Savastano, A., Jaipuria, G., Andreas, L. B., Mandelkow, E., & Zweckstetter, M. (2020). Solid-state NMR investigation of the involvement of the P2 region in tau amyloid fibrils. Scientific Reports, 10: 21210. doi:10.1038/s41598-020-78161-0.


Cite as: http://hdl.handle.net/21.11116/0000-0008-71A0-3
Abstract
The aggregation of hyperphosphorylated tau into amyloid fibrils is closely linked to the progression of Alzheimer’s disease. To gain insight into the link between amyloid structure and disease, the three-dimensional structure of tau fibrils has been studied using solid-state NMR (ssNMR) and cryogenic electron microscopy (cryo-EM).

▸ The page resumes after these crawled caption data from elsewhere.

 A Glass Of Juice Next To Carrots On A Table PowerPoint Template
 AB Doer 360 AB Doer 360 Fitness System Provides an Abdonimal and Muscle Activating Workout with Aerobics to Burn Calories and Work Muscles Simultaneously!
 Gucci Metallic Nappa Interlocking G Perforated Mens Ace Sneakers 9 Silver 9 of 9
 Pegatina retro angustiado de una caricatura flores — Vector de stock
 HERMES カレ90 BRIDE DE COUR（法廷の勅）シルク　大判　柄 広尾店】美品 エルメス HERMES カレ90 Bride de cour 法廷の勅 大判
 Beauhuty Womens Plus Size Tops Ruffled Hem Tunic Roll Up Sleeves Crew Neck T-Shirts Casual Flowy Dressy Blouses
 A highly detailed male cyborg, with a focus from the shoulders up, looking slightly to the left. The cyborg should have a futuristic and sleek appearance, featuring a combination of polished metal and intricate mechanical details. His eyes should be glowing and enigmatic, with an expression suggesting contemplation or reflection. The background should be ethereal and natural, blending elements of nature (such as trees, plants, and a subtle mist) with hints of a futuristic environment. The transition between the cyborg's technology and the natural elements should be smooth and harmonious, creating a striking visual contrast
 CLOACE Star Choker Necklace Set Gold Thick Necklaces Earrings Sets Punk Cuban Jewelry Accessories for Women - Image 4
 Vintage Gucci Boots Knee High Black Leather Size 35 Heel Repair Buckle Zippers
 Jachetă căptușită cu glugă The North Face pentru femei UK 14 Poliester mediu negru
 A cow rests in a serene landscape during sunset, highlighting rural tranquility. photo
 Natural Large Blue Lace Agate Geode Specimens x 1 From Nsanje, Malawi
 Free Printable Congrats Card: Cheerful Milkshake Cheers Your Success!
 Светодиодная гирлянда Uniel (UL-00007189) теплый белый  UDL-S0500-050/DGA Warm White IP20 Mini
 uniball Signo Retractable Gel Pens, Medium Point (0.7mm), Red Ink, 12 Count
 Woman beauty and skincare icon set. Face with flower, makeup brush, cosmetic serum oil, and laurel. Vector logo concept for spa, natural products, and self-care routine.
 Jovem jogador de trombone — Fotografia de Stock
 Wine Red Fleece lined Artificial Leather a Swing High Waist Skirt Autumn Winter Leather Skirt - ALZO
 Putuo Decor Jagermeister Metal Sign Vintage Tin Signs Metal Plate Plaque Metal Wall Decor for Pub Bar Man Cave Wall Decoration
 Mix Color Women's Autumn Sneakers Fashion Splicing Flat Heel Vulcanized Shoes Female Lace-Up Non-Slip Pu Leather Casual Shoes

The proline-rich region of tau remains poorly defined in the context of tau amyloid structures, despite the clustering of several phosphorylation sites, which have been associated with Alzheimer’s disease. In order to gain insight into the contribution of the proline-rich region P2 of tau to amyloid fibrils, we studied in vitro aggregated amyloid fibrils of tau constructs, which contain both the proline-rich region P2 and the pseudo-repeats. Using ssNMR we show that the sequence 225KVAVVRT231, the most hydrophobic patch within the P2 region, loses its flexibility upon formation of amyloid fibrils. The data suggest a contribution of the P2 region to tau amyloid fibril formation, which might account for some of the unassigned electron density in cryo-EM studies of tau fibrils and could be modulated by tau phosphorylation at the disease-associated AT180 epitope T231/S235.